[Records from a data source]
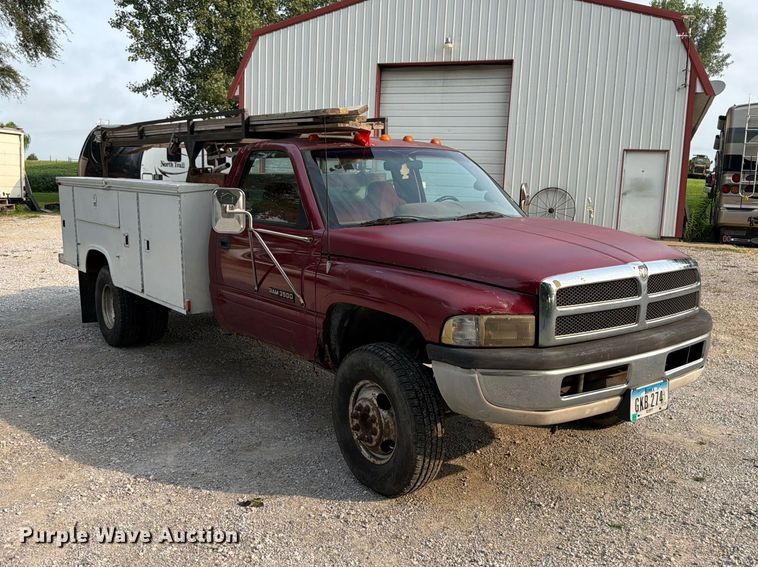1995 Dodge Ram 3500 Utility Bed Pickup Truck - photo 3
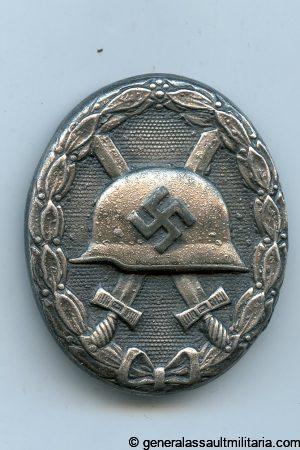 Wound badge in silver - Übergrosse Wiedmann variant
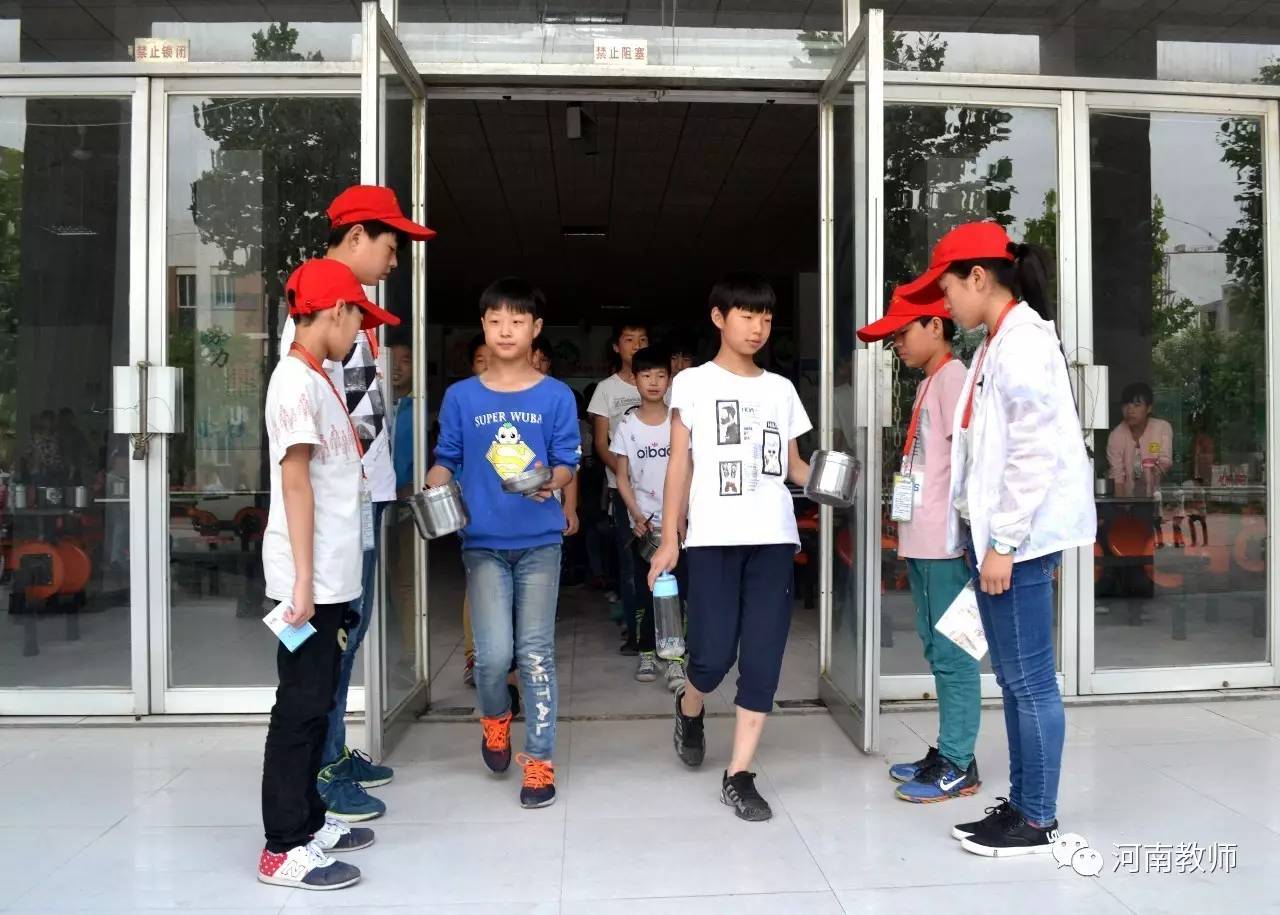 马上要开学，这所农村学校又有9位老师调进县城了……乡村学校面临的难题，有解吗？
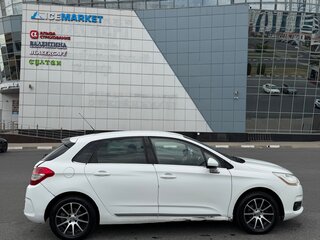 2011 Citroen C4 II, белый, 350000 рублей, вид 4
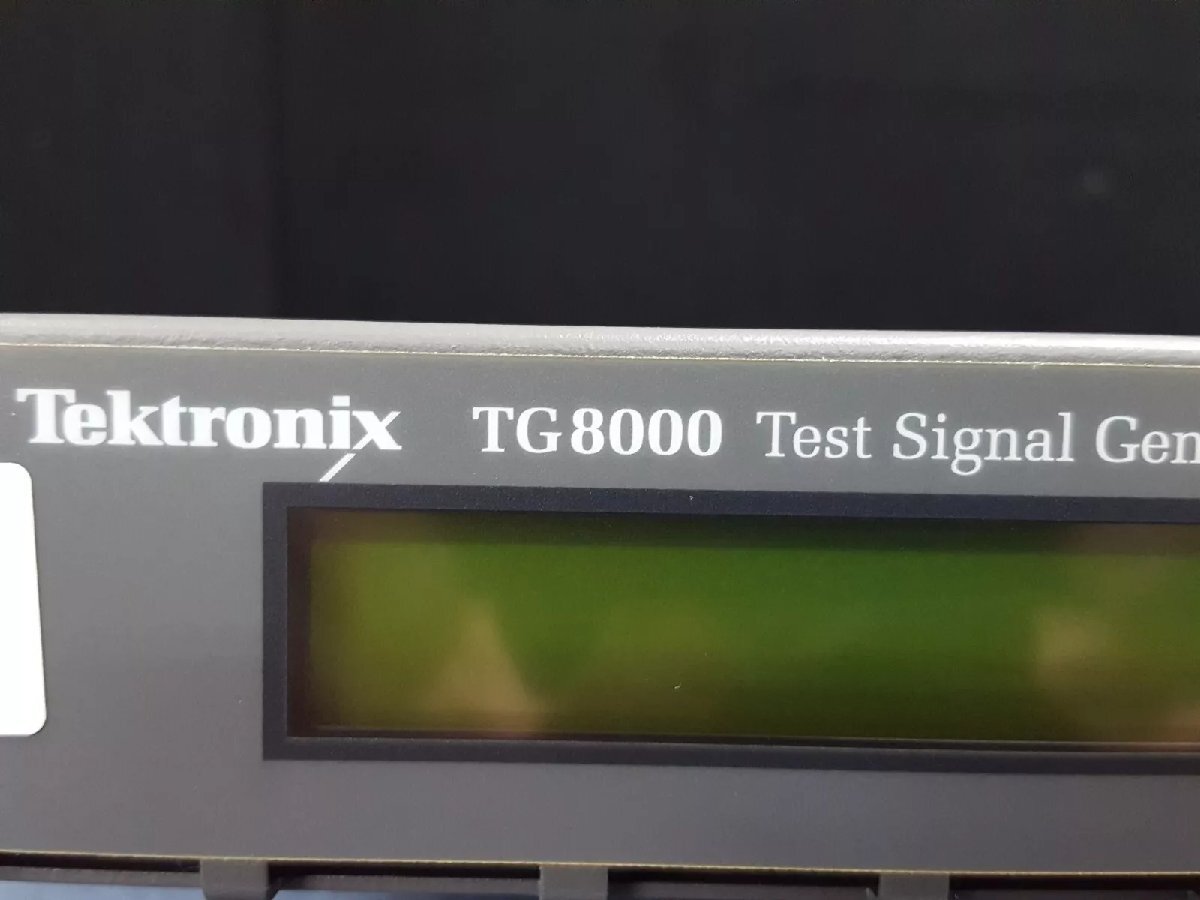 Tektronix TG8000 Video Test Signal Generator [m1164788355]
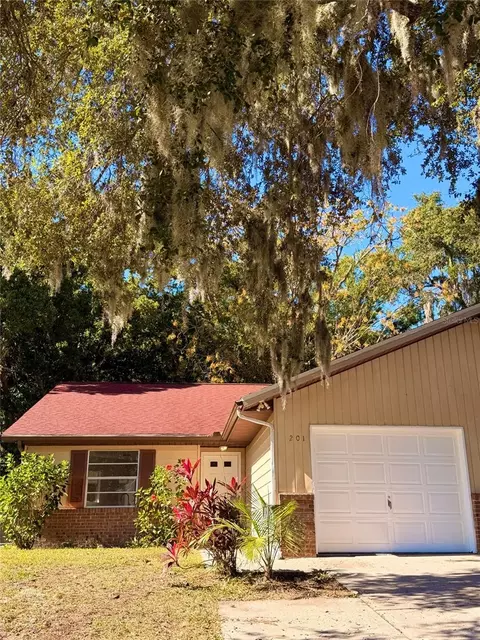201 Fernwood St, Leesburg, FL 34748
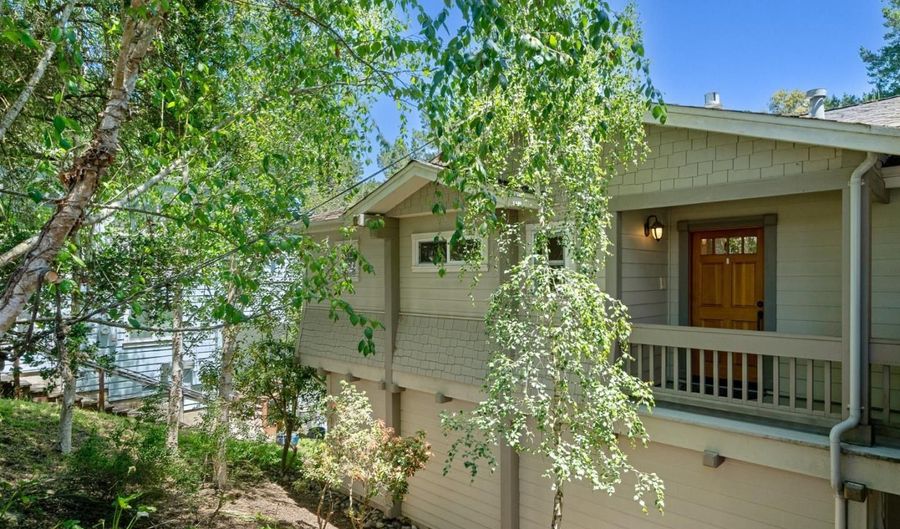562 Cuesta Dr, Aptos, CA 95003 - 3 Beds, 3 Bath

* **THE PROBLEM**
In the records above, find the line containing "2011 Citroen C4". Reproduce it and every line after it through the last line, omitting pictures.

* **YOUR SOLUTION**
 2011 Citroen C4 II, белый, 350000 рублей, вид 4
 Tektronix TG8000 Video Test Signal Generator [m1164788355]
201 Fernwood St, Leesburg, FL 34748
562 Cuesta Dr, Aptos, CA 95003 - 3 Beds, 3 Bath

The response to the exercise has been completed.